I could never do that. Nope. Sorry, but I’d go down with this ship, no matter how things turned out. Sure, I’d do my part to protect Charlie, but anything that involved me walking away from her was out of the fucking question.

Charlie answered her own question when it became clear to her I wasn’t saying anything more, “I know you aren’t. I’d have to be stupid to think you’re good for me, but… I don’t care. Maybe that means I’m a bad person, but I don’t care. I’m not happy with you for what you did to Zak, but it doesn’t change how I feel. I… I feel safe with you, Brett, and that’s more than I can say about a lot of people.”

Fuck. She sounded so… sad. That sadness laced with every word, and I didn’t know how other people couldn’t hear it. Or see it. Or even feel it. It was like when it came to Charlie, nobody paid attention. They might care about her, but she skirted under the radar.
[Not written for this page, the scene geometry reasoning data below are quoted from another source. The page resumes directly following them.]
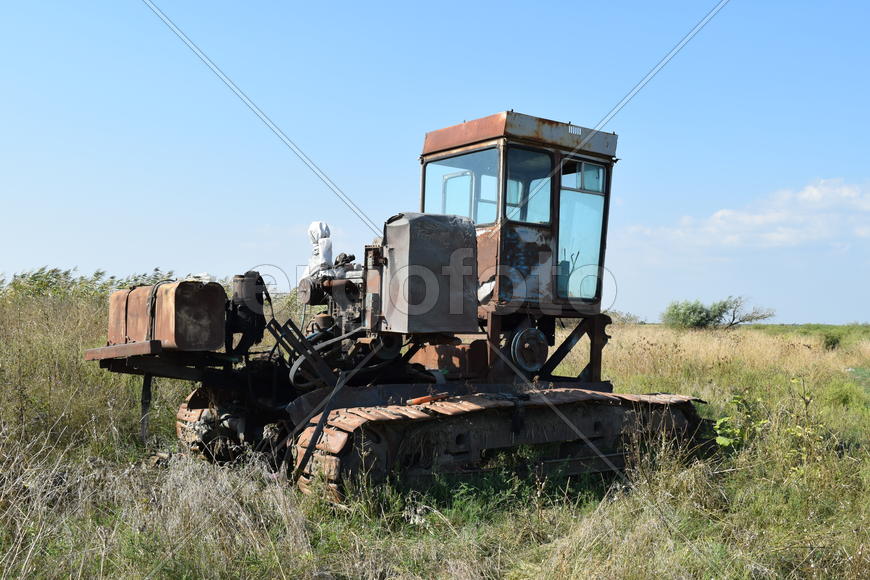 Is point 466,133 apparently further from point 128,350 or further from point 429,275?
point 128,350

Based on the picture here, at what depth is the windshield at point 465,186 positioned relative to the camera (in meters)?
6.82

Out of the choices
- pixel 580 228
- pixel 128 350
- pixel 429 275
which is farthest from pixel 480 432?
pixel 128 350

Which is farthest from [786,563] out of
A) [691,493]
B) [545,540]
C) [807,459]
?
[807,459]

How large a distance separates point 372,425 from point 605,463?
2.47 metres

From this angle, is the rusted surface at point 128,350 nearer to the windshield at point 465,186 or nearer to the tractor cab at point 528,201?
the tractor cab at point 528,201

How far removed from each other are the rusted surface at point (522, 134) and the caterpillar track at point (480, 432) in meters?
2.31

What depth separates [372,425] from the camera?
516 cm

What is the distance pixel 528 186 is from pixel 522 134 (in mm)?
490

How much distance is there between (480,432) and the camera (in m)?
5.77

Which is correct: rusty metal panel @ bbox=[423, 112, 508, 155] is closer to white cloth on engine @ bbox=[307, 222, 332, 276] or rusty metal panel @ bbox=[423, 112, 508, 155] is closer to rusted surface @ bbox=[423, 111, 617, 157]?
rusted surface @ bbox=[423, 111, 617, 157]

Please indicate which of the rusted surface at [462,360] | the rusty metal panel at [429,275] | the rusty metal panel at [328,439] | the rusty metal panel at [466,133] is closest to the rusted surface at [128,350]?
the rusty metal panel at [328,439]

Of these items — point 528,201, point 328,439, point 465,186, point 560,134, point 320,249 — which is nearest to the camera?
point 328,439

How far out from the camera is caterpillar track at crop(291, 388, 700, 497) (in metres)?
5.01

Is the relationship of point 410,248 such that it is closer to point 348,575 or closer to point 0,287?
point 348,575
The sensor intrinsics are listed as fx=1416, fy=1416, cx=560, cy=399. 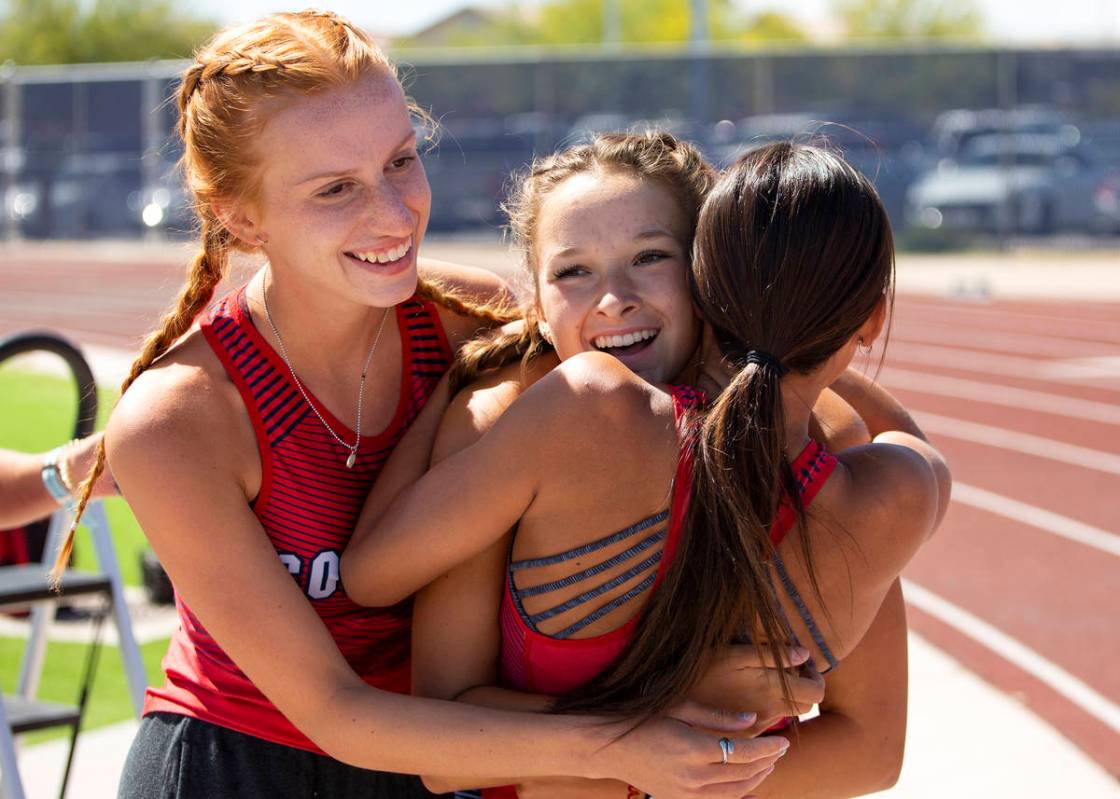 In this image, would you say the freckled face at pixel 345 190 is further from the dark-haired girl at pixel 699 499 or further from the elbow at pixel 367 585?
the elbow at pixel 367 585

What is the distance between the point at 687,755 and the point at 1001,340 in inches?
522

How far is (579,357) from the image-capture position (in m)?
1.92

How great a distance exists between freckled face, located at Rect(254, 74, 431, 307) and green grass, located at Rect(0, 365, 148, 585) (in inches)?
165

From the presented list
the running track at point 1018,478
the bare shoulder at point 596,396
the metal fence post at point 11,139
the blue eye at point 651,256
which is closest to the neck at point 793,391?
the bare shoulder at point 596,396

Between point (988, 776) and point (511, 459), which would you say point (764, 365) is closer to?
point (511, 459)

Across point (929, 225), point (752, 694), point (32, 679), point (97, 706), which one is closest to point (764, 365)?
point (752, 694)

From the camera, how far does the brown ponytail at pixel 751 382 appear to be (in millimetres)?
1838

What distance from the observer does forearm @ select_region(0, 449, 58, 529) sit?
2.70 meters

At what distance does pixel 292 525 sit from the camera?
6.97ft

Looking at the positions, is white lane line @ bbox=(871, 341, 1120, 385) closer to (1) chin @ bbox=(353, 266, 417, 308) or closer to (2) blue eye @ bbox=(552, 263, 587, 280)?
(2) blue eye @ bbox=(552, 263, 587, 280)

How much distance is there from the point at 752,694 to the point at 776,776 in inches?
10.6

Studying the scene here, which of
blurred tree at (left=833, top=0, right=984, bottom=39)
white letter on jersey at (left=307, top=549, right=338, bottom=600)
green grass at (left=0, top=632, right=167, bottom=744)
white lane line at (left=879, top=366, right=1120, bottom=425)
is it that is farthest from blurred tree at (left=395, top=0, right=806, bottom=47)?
white letter on jersey at (left=307, top=549, right=338, bottom=600)

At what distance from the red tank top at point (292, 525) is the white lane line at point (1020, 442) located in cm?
691

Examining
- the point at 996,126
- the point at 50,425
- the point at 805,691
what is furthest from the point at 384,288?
the point at 996,126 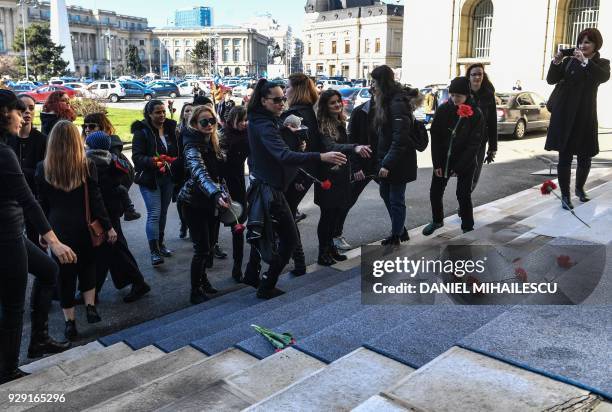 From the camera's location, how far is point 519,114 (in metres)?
17.7

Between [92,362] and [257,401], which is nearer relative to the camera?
[257,401]

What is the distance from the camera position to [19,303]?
134 inches

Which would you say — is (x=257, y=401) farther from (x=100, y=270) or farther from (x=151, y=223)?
(x=151, y=223)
As Charlie and I lay back in the bed, I whispered, “You know, if you get me a list of everyone who’s ever hurt you, I can take them out one by one.”

She sighed against me, nuzzling her nose against the side of my chest. “Brett, I’m only asking you for one kill, not to kill everybody I’ve ever met.”

“Hey, I didn’t offer that. Do you know how much time something like that would take? It’d be impossible, logistically speaking. But anyone who’s ever hurt you? That I could do. I could find this Amelia and take care of her, just like I took care of Zak.”